Into this world come the liberating words of our text “there is now no condemnation in Christ!” This is the story of freedom and liberation. It is our personal story.
But even more personal is the struggle that goes on within each of us as we battle with our own sinful nature and the guilt we feel for our deserved condemnation from God because of our sin. Ten times in our text St. Paul uses the word “flesh” to describe our sinful condition in which by nature we find ourselves at enmity with God. ”Because the carnal mind [is] enmity against God: for it is not subject to the law of God, neither indeed can be. So then they that are in the flesh cannot please God.” (Vv.7-8)
However, nine times he uses a form of the word spirit to reveal the source of our new relationship with God through our Lord Jesus Christ. “But ye are not in the flesh, but in the Spirit, if so be that the Spirit of God dwell in you. Now if any man have not the Spirit of Christ, he is none of his.” (v.9)
St. Paul would say to us today “I’m free to be me”
I. I am caught in myself.
A. I am caught in my fleshly nature. “For what the law could not do, in that it was weak through the flesh, God sending his own Son in the likeness of sinful flesh, and for sin, condemned sin in the flesh: That the righteousness of the law might be fulfilled in us, who walk not after the flesh, but after the Spirit. For they that are after the flesh do mind the things of the flesh; but they that are after the Spirit the things of the Spirit. For to be carnally minded [is] death; but to be spiritually minded [is] life and peace.

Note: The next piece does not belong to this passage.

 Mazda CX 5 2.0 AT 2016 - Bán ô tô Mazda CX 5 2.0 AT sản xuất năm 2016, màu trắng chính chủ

B. I am carnally minded - For they that are after the flesh do mind the things of the flesh; but they that are after the Spirit the things of the Spirit. For to be carnally minded [is] death; but to be spiritually minded [is] life and peace. Because the carnal mind [is] enmity against God: for it is not subject to the law of God, neither indeed can be. (vv. 5-7)

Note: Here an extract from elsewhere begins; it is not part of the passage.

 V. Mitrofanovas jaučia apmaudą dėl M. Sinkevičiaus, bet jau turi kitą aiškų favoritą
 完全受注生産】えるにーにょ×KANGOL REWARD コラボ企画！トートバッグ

C. I am at enmity with God “Because the carnal mind [is] enmity against God: for it is not subject to the law of God, neither indeed can be. (v.7)
II. I cannot free myself from my nature.
A. Guilt is my constant companion. I am not only at war with God, but within myself. That what I do not want to do is what I practice. And that which I want to do is what I do not practice. Paul cries out with the question “who can save me from this?” (Romans 7:18-24)
B. Following the Law cannot save me. “For what the law could not do, in that it was weak through the flesh, God sending his own Son in the likeness of sinful flesh, and for sin, condemned sin in the flesh:” (v.3)
C. In such a condition I am a lost and condemned sinner.
III. Freed to be in Christ.
A. Freed from condemnation. “(V.1) There is] therefore now no condemnation to them which are in Christ Jesus, who walk not after the flesh, but after the Spirit.” (V.1)
B. Freed from the law of sin and death “For the law of the Spirit of life in Christ Jesus hath made me free from the law of sin and death.” (v.2)
C. Christ achieved this, our freedom on the cross. For what the law could not do, in that it was weak through the flesh, God sending his own Son in the likeness of sinful flesh, and for sin, condemned sin in the flesh: That the righteousness of the law might be fulfilled in us, who walk not after the flesh, but after the Spirit.
D. Christ became a sinless man to free man from the sin that leads to death eternally. (Vv. 3-4)
IV. Freed for exalted living. Now, and into glory.
A. The mind, now set on the Spirit, is life and peace.
B. Christ is in me, by faith, that I may be a child of God. “And if Christ [be] in you, the body [is] dead because of sin; but the Spirit [is] life because of righteousness. But if the Spirit of him that raised up Jesus from the dead dwell in you, he that raised up Christ from the dead shall also quicken your mortal bodies by his Spirit that dwelleth in you.” (Vv. 10-11)
C. Real life and real living begins with the emancipation through Christ.
D. May we now fill our minds, our lives with the spiritual things of Christ, the Lord of our exalted lives.
CONCLUSION: The Spirit of man longs to breath free. Many long for political freedom, yet many freed from man—made tyranny do not yet know the true freedom that Christ loved, suffered and died to obtain for a suffering world. With St. Paul and St. John we rejoice in the Truth that sets each and every one of us free to be ourselves.